- Author
- Ogle, Brian
- Subjects
- History - general
- Tags
-
- RAN Ships
- None noted.
- Publication
- June 1997 edition of the Naval Historical Review (all rights reserved)
Labour used the naval financing debates from 1901 to 1909 as a platform for the reformation of the taxation system. It was a ploy most intelligently played and in the end successful.
It is interesting that McDonald and Page were both Queenslanders. Other speakers in favour of an Australian Navy, bought and paid for with Australian funds, were Mr Paterson (Capricornia) Labour and Sir Littleton Groom (Darling Downs) Liberal, protectionist, barrister, educated University of Melbourne, devout Anglican. His family owned the Toowoomba Chronicle. Groom’s comprehensive contribution to the Naval Agreement debate included:
“I believe that reliance on a foreign power, or even upon the mother country, will degrade us”. .. “In case of war, we can keep the Empire by showing our ability to stand alone“. (Reps. Debate, p.2257).
Groom appears to have lacked the faith in the protective might of the Motherland:
“We know that a change has come over the spirit of British statesmen in regard to the colonies. No longer the tone of Empire but of:- “A sinking land, some third-rate isle half lost among her seas“. (Ibid., p.2257).
He was as utterly opposed to the Naval Agreement Bill as were the Labour Party Queenslanders.
Indications are that Queenslanders then were as anti-Imperialist control as subsequently, under Bjelke Petersen, they were anti-Canberra.

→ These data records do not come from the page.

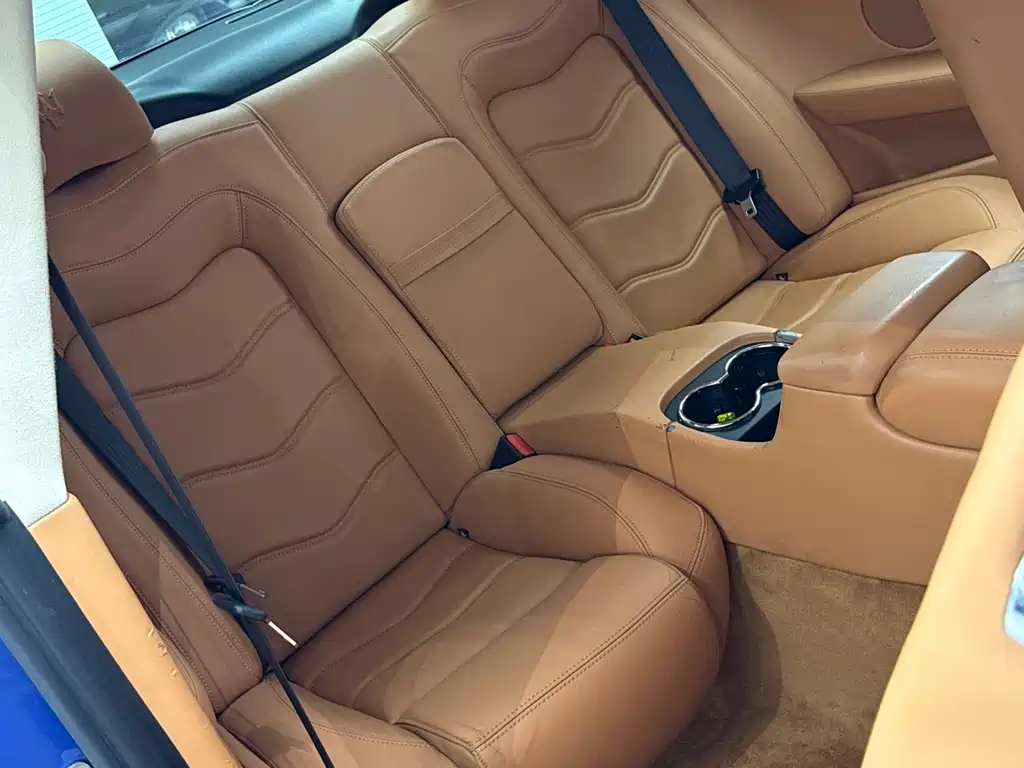 Maserati GranTurismo 2015 — фото 10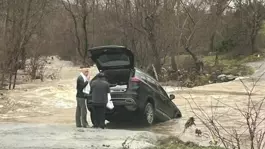 Çanakkalede sağanak etkili oldu; 1 köy yolu kapandı, 1 otomobil suya kapıldı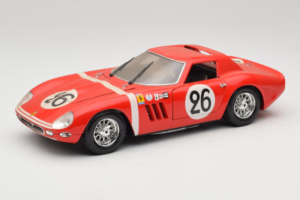 Ferrari 250 GTO #26 Rouge Guiloy 1:18 67526 Métal
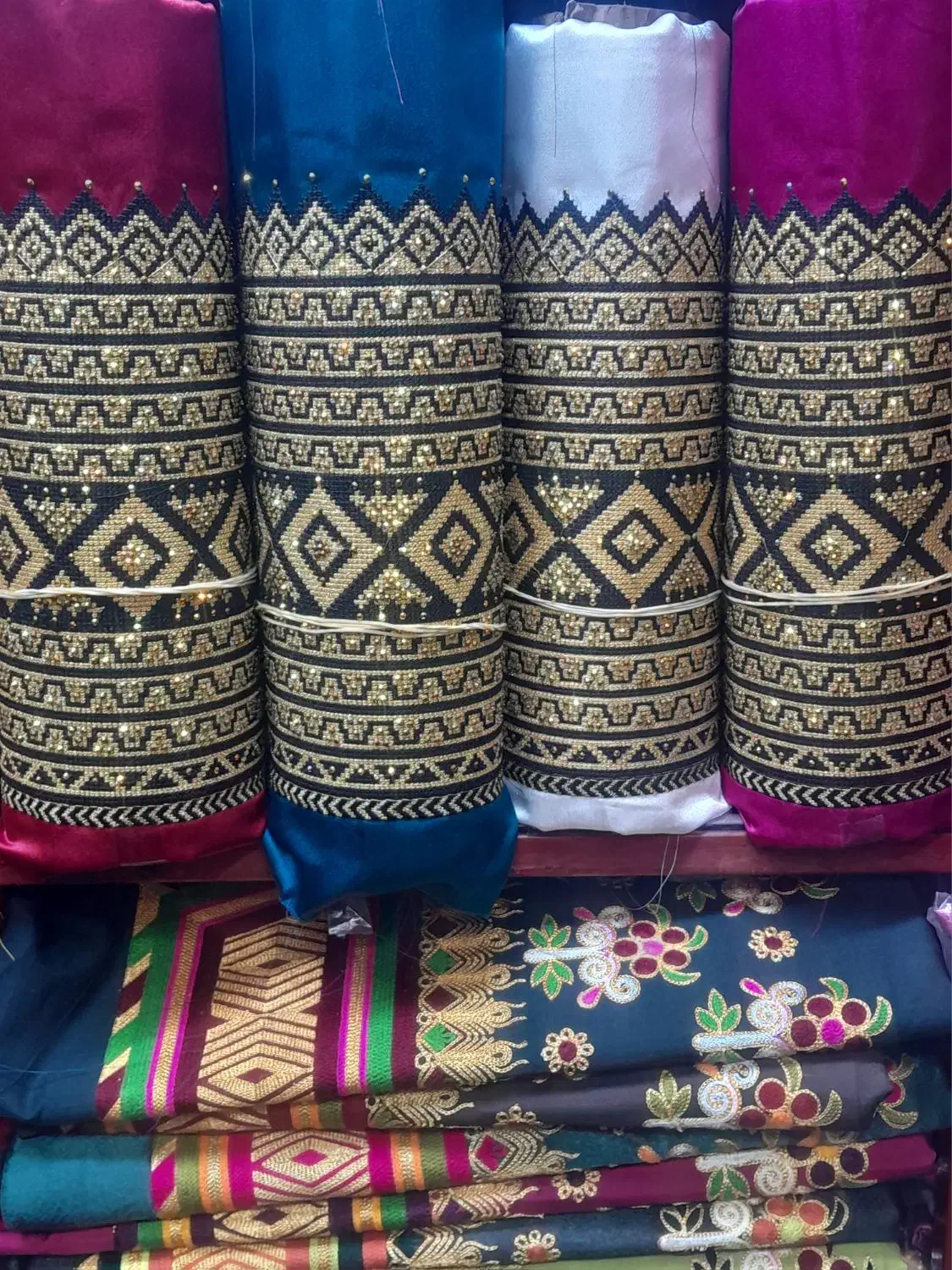 شلوار|لباس|میناب, |دیوار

Remember that in 1883 they had annexed South-East New Guinea in the face of British opposition, had raised the roof about the British Gift of the New Hebrides to France and the British acquiescence of German occupation of NW New Guinea. Despite the stubbornness of Queensland opposition the Agreement was passed and the sum of £200,000 per annum for a period of 10 years was appropriated from excise and customs revenue.
It was a pyrrhic victory for the Government. A.W. Jose (p.xxii) says: “... the prestige of the ministry was impaired; at the ensuing elections several of its candidates were defeated because of their action in voting for the new arrangement“.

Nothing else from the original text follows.